Coordination and integration between Russian aircraft and air defence has been historically poor, especially with their Land Forces Air Defence (PVO-SV). For example, during Russia’s 2008 invasion of Georgia, friendly fire between Russian forces and Russian proxy forces in Ossetia downed three out of the six Russian aircraft lost.5 Russia has limited Identification, Friend, or Foe (IFF) capabilities, poor procedural controls, and reduced joint training between the VKS and PVO-SV; therefore, the probability of procedural errors and fratricide is high.6 These facts, supplemented by the partial and gradual recovery of Ukrainian surface-to-air capabilities after initial losses, left the Russian ground forces bereft of air support.
The lack of training (especially joint training) and planning integration probably fostered mistrust between the different branches of the Russian forces.7 Russia’s ground-based air defence remains a severe threat, even to its own aviation.8
Lack of Effective Adaptability
As stated before, the Ukrainian surface-to-air defence gradually reconstituted certain capabilities once Russia refocused on the land war. To avoid the threat, Russia’s aircraft were forced to perform entire missions from friendly territory with standoff munitions or low-altitude tactics, thus becoming exposed to Ukraine’s and even their own MANPADS.9
One month after the invasion, once the Ukrainian defence was reorganized and had effectively engaged the enemy forces, Russia finally reacted and boosted its flights by almost fifty percent. Throughout July and August, Russia further increased its air presence over Ukraine, especially after Ukraine’s retaliatory strikes into the Saky airport, the main Naval Aviation base in Crimea.10, 11
However, due to the high attrition, the VKS reacted and adjusted its tactics by reducing the number of flights over Ukrainian-controlled territory and operating mainly from Belarus, Crimea, or the Russian mainland, especially at night, with strategic bombers carrying cruise missiles and flying at high altitudes to improve endurance. Additionally, and with sure success, the VKS took advantage of its technological superiority by using long-range air-to-air missiles to target Ukrainian fighters from long distances, even from Russia’s mainland.12
The decision to operate mainly outside of Ukraine’s territory led to a drastic decrease in downed aircraft. However, the Russian Army Aviation had to continue flying in support of their land forces, thus operating close to or inside Ukrainian-controlled territory. Yet even when operating under the umbrella of Russian-based air defence, the attrition rate for Army Aviation continued to increase.13
With this adaptation, the VKS aimed to reduce losses while supporting the invasion. However, the lack of guided munitions and platforms capable of striking at night negatively impacted the precision of their attacks and, thus, the support to their ground troops.

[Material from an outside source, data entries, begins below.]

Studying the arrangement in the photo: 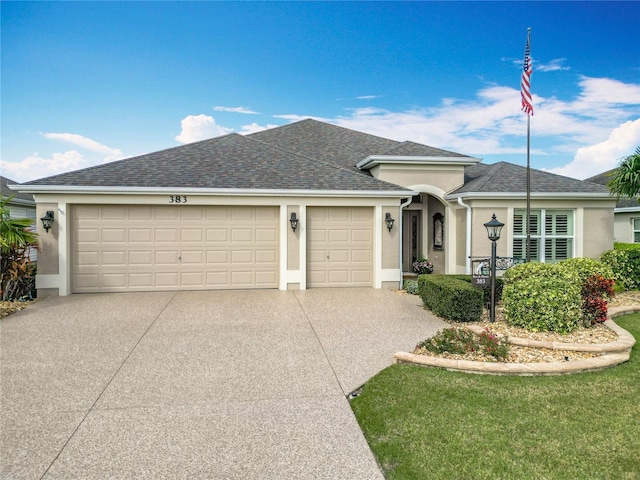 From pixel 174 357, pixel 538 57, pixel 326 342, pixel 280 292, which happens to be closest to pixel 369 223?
pixel 280 292

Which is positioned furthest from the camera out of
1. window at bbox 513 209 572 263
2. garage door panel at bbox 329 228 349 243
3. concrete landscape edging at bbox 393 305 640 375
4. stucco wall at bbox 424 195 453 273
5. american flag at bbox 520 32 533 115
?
stucco wall at bbox 424 195 453 273

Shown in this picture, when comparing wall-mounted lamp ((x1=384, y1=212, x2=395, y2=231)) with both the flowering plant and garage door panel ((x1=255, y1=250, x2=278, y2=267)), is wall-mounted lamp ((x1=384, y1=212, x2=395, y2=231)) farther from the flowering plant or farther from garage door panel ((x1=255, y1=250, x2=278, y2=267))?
the flowering plant

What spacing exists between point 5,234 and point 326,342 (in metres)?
8.49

Inadequate Experience and Training
The VKS does have combat experience. It has been involved for years in the Syrian Civil War, Crimea, and Georgia. However, they executed mainly air-to-ground missions under insignificant threats from air defence fighters or surface-to-air systems, in contrast to the current scenario in Ukraine. Furthermore, recent statistics released by the Russia’s Ministry of Defence revealed that, in the last years, VKS fighter pilots averaged around 100–120 flight hours, military-transport pilots around 120–140 flight hours, and long-range aviation crews and army aviation pilots approximately 100 flight hours annually.14 By comparison, all are well below NATO proficiency standards.

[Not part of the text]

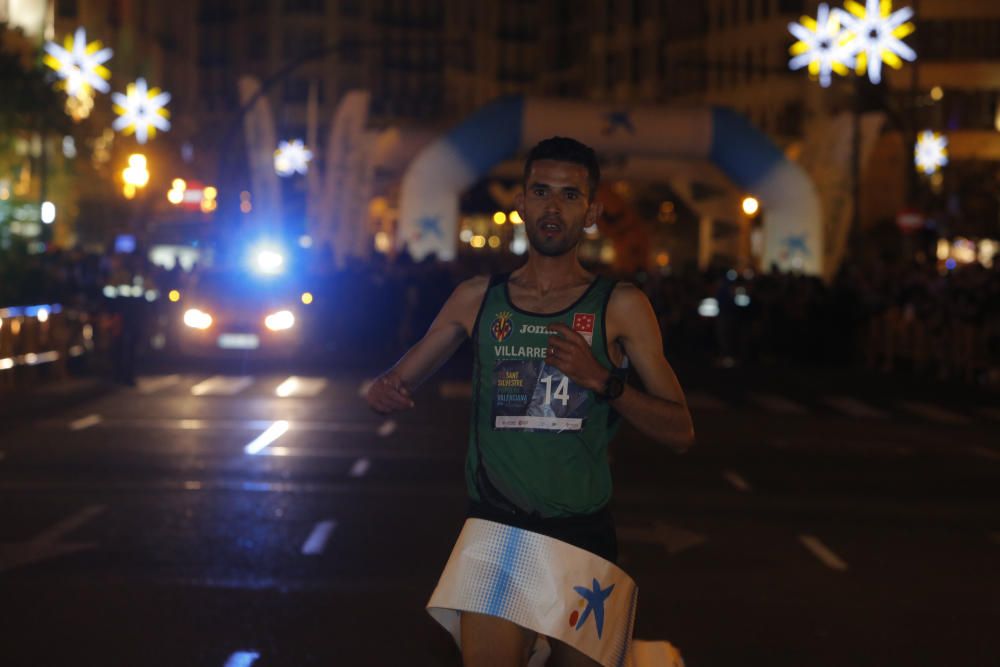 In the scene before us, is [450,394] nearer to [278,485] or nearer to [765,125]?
[278,485]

Additionally, this data only reveals the flight hours rather than the quality of training. VKS exercises vary in size and tactical challenges, including night flights, very high or very low-altitude flights, adverse weather conditions, or operating from alternate airfields. However, these individually challenging tasks were apparently rehearsed without integrating into more complex or coordinated operations. Evenat the tactical level, VKS fighters mainly operate as single aircraft or in small formations without integrating with the other flight formations.15 Overall, Russians exercise narrow tactical situational scenarios and ignore integration and complex campaign planning.

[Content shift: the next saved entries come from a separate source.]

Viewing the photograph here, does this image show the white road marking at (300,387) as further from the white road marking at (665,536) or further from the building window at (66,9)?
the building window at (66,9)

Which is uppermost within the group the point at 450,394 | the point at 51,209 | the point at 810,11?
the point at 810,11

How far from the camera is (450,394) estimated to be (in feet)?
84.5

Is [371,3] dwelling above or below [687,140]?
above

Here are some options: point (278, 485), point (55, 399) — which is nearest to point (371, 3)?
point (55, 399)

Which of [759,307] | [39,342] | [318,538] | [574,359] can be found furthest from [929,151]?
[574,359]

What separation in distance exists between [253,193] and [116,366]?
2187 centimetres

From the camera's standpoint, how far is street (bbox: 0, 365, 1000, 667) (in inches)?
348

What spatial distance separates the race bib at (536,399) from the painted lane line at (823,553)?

Although the Russian forces employed and experimented guided munitions in Syria, the VKS’s air-to-ground training was focused mainly on the employment of unguided bombs and rockets, possibly due to the limited availability of guided munitions. The attacks with unguided munitions, even by well-trained pilots, pose significant risks due to the lower-launch altitudes to reduce exposure to threats, which also reduce cueing accuracy as the time available for proper aiming is reduced. Such instances have been observed throughout the last months of the invasion on many occasions.16
Russia employs the Wagner Group in Ukraine. Paramilitary contractors are not unusual in the modern era in the land domain, but it is exceptional in the air domain.17 Wagner’s aviation group, composed of highly experienced personnel, has lost at least two pilots flying Su-25s.18 One of the downed and subsequently captured Wagner pilots complained about the lack of modern equipment on the plane. Wagner probably acquired the oldest aircraft in VKS inventory, which may explain the complaint.19 Furthermore, pictures and videos of different VKS aircraft cockpits published on social media networks show only rudimentary GPS integration.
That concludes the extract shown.